Excerpted records:
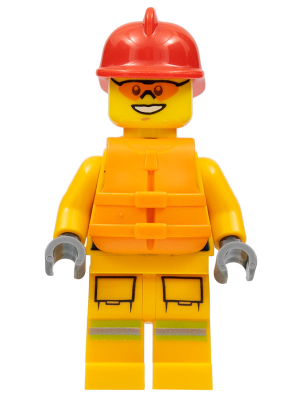 LEGO Minifiguur Fire - Reflective Stripes, Bright Light Orange Suit, Life Jacket, Red Fire Helmet (cty0974) — LEGO te koop op BrickVillage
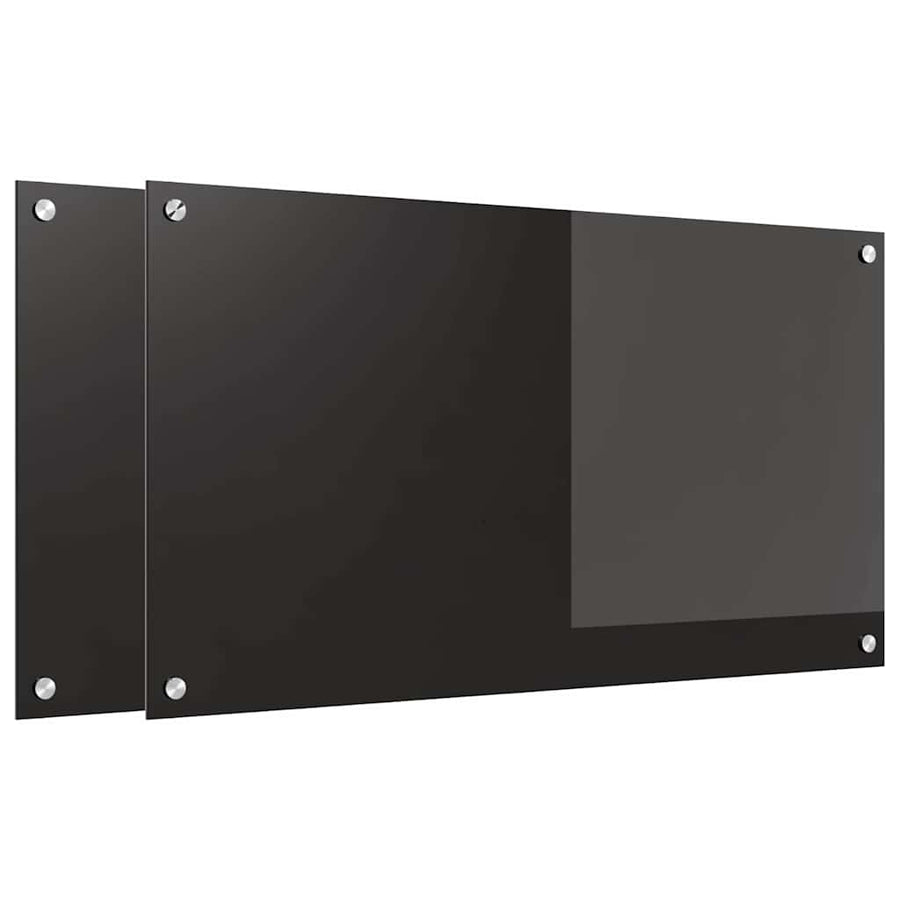 Keuken Achterwand Zwart 90 x 50 x 0.8 cm gehard glas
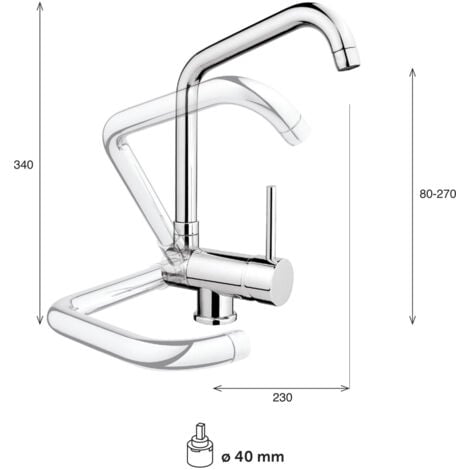 Miscelatore per lavello cucina Grohe Feel 32670000 Cromo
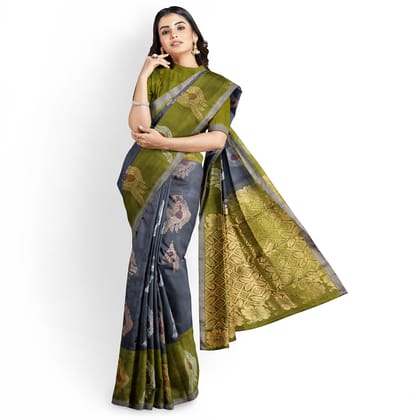 Grey Color Long Border Big Peacock Butta Kanjivaram Pure Silk Saree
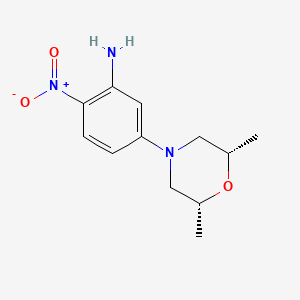 molecular formula C12H17N3O3 B8503206 rel-5-((2S,6R)-2,6-Dimethylmorpholino)-2-nitroaniline 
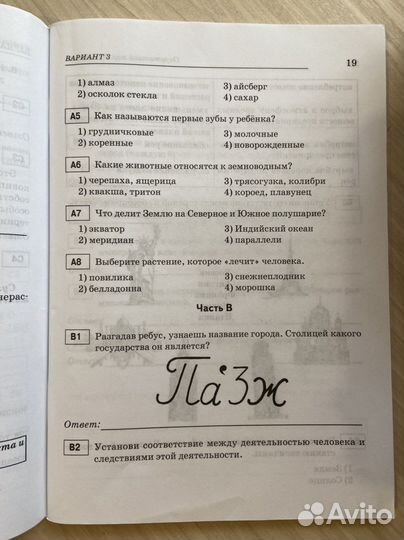 Окружающий мир 3 класс тесты олимпиадные задания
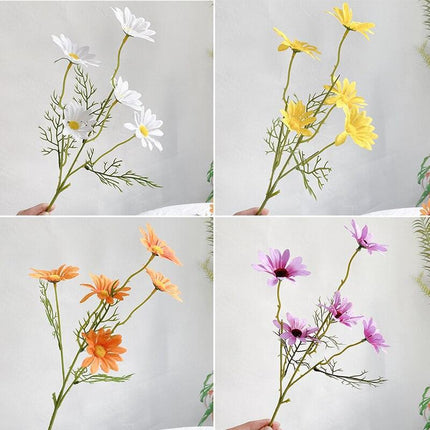 Charming White Daisy Ensemble - 5-Piece Artificial Floral Stem Collection for Elegant Home Accents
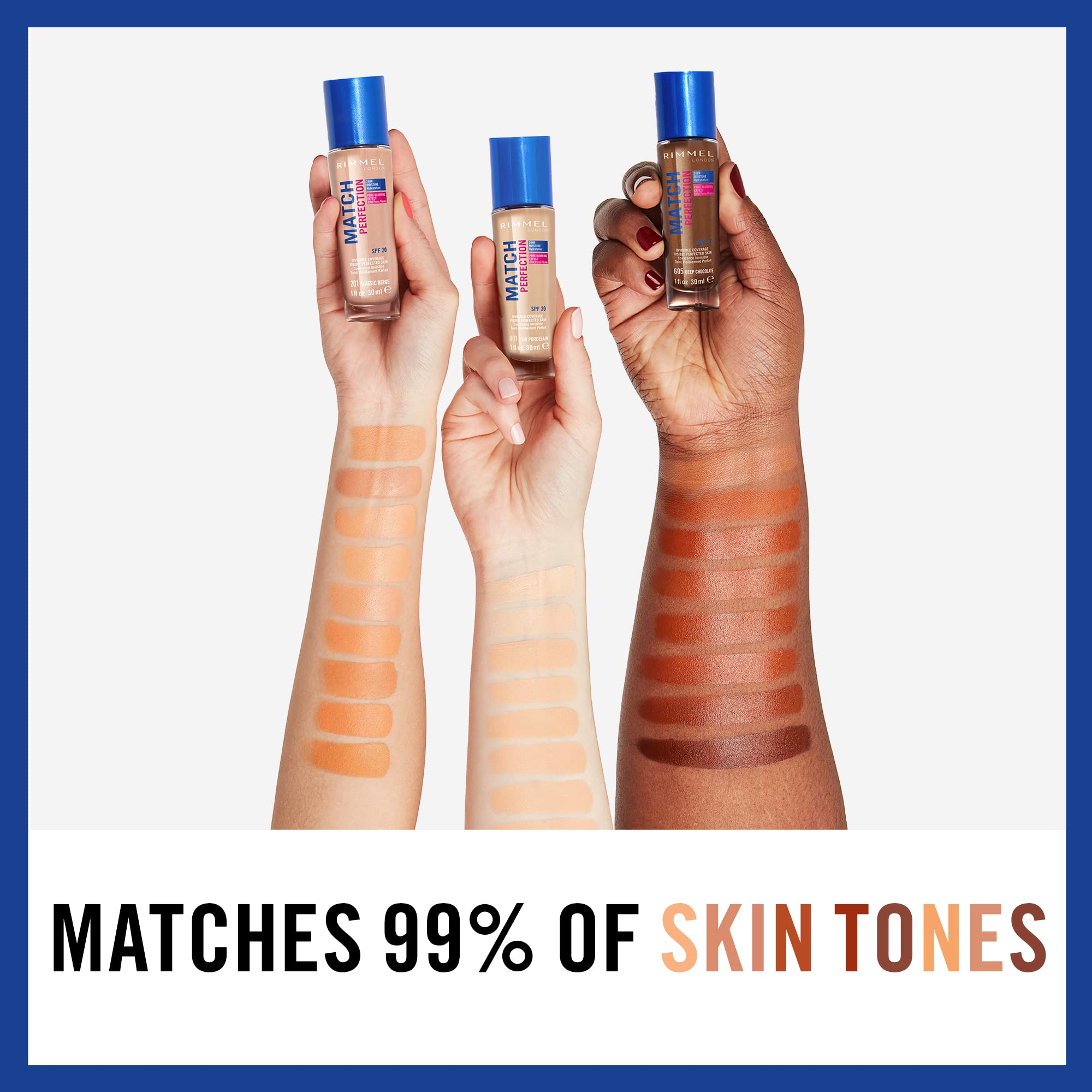 Rimmel Match Perfection Foundation - Medium Coverage, 24hr Hydration, SPF20, Fair Ivory 5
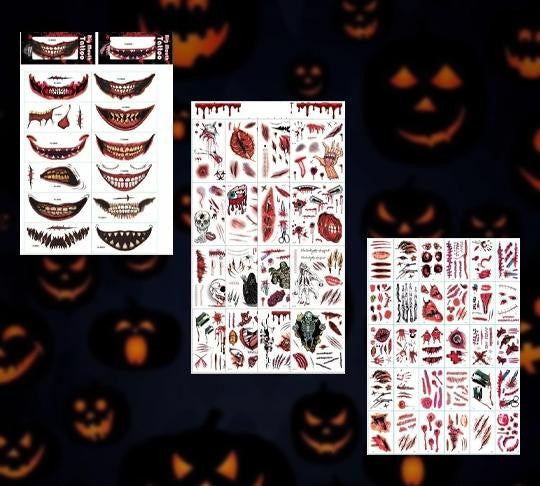 Halloween Temporary Tattoos - Realistic Face & Body Decals - view 8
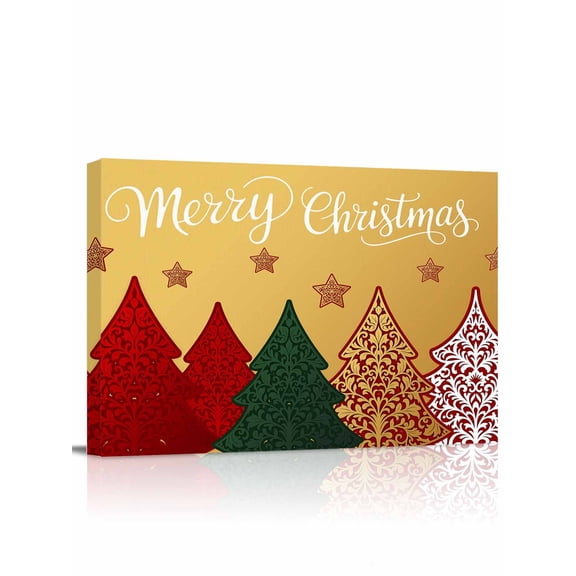 Merry Christmas Canvas Print Wall Art Red Green Gold Trees Stars Gold Bottom Pictures Painting Morden Artwork for Living Room Bedroom, Ready to Hang - 12"x16"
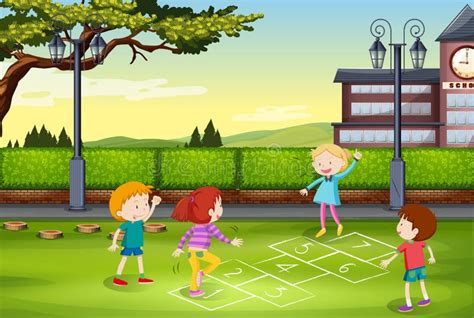 Children Playing Hopscotch In The Park Stock Vector Illustration Of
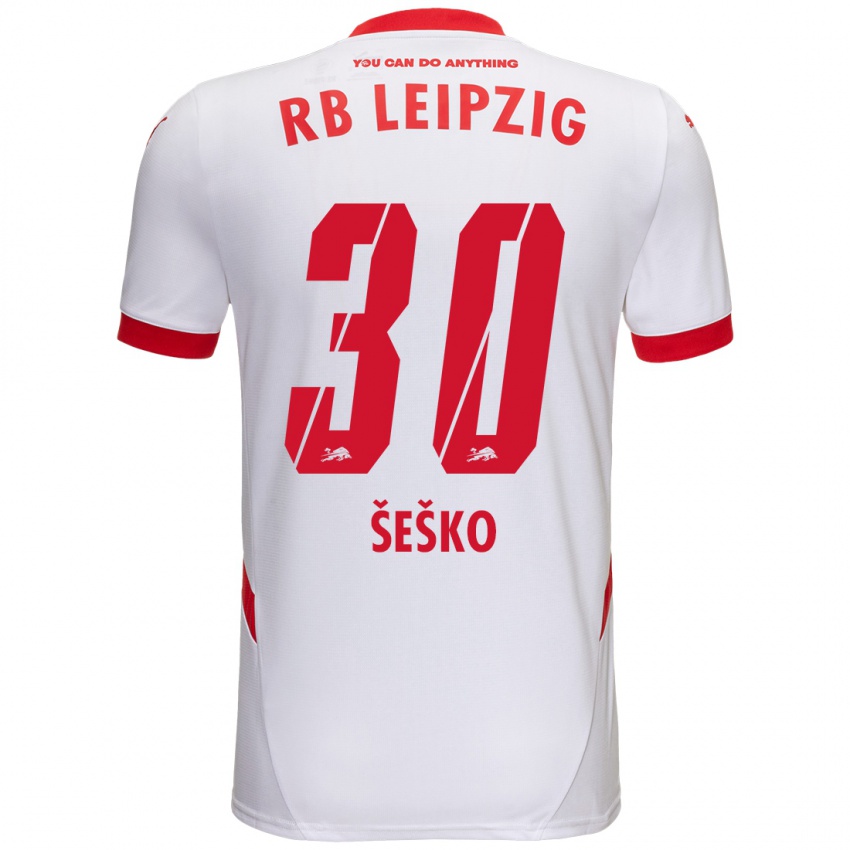 Kinderen Benjamin Sesko #30 Wit Rood Thuisshirt Thuistenue 2024/25 T-Shirt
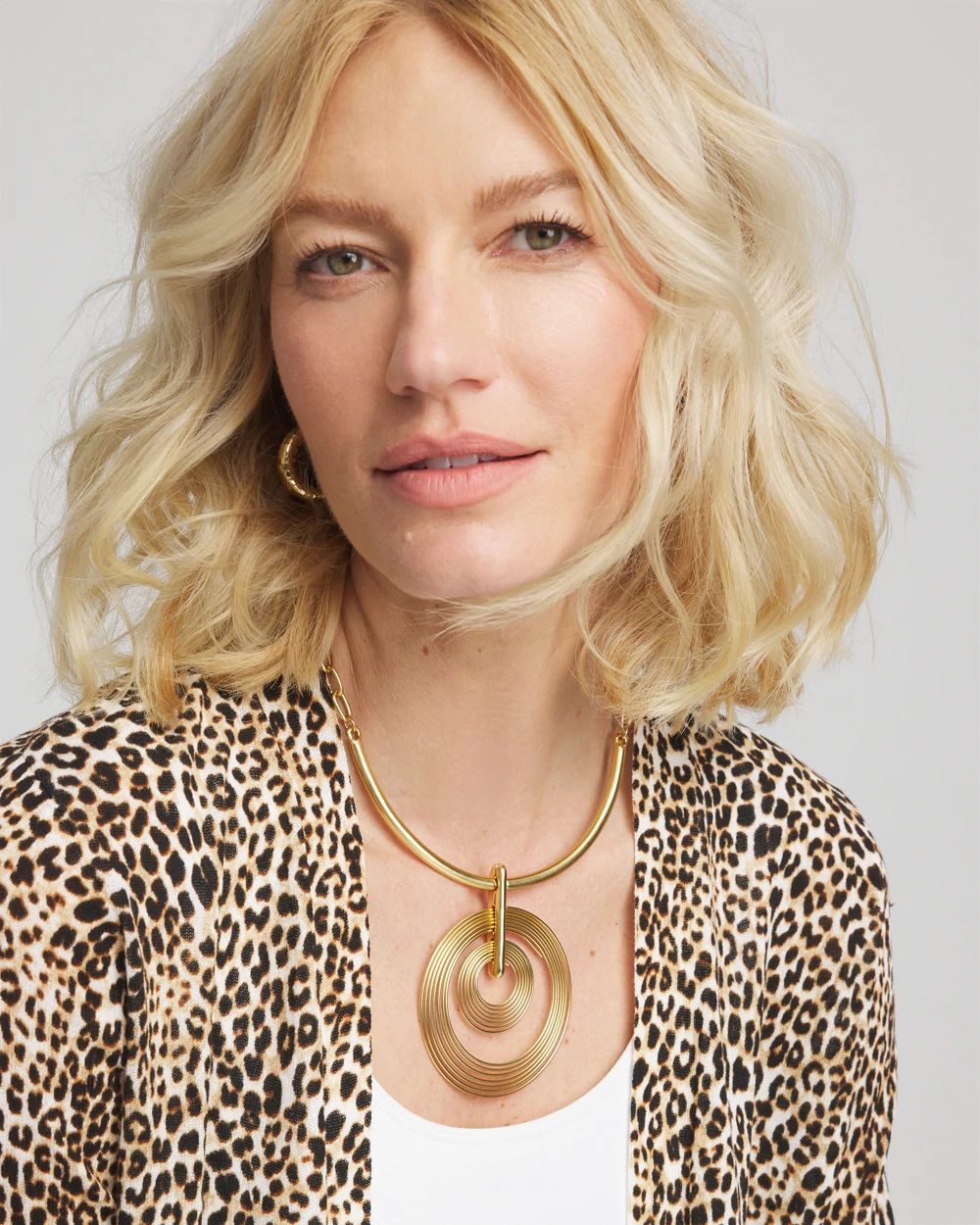 Goldtone Concentric Circles Pendant Necklace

Try it:
The required result is the entries above, printed exactly from the first line through the line with "Miscelatore per lavello", pictures excluded.

Solution for this task:
 LEGO Minifiguur Fire - Reflective Stripes, Bright Light Orange Suit, Life Jacket, Red Fire Helmet (cty0974) — LEGO te koop op BrickVillage
 Keuken Achterwand Zwart 90 x 50 x 0.8 cm gehard glas
 Miscelatore per lavello cucina Grohe Feel 32670000 Cromo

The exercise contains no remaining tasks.